• **INSTRUCTIONS FOR THE TASK**:
An exact copy of all the data is needed, with every picture left out.

• **COLLECTED DATA**:
╔══

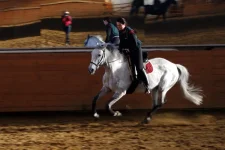 IMGP6786.webp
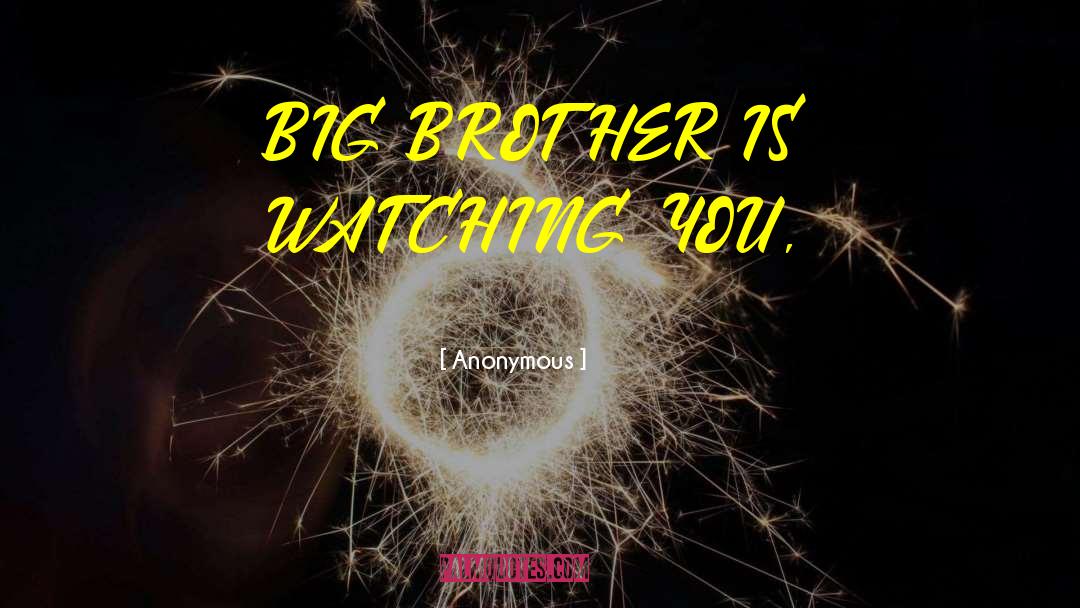 Big Brother Is Watching quotes by Anonymous
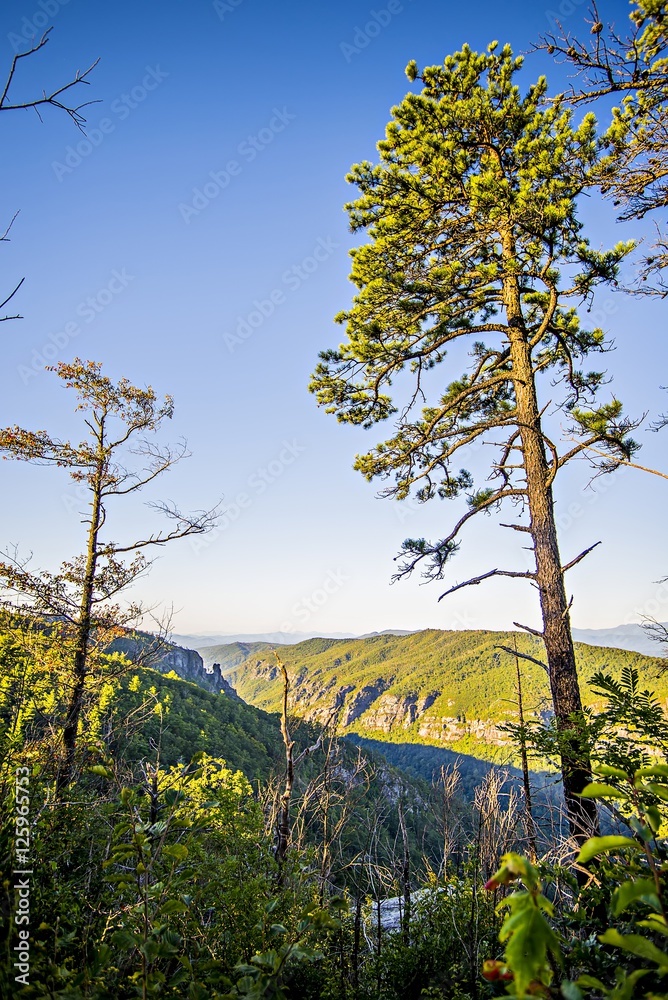 Hawksbill Mountain at Linville gorge with Table Rock Mountain la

╚══

• **RESULT FOR THIS TASK**:
 IMGP6786.webp
 Big Brother Is Watching quotes by Anonymous
 Hawksbill Mountain at Linville gorge with Table Rock Mountain la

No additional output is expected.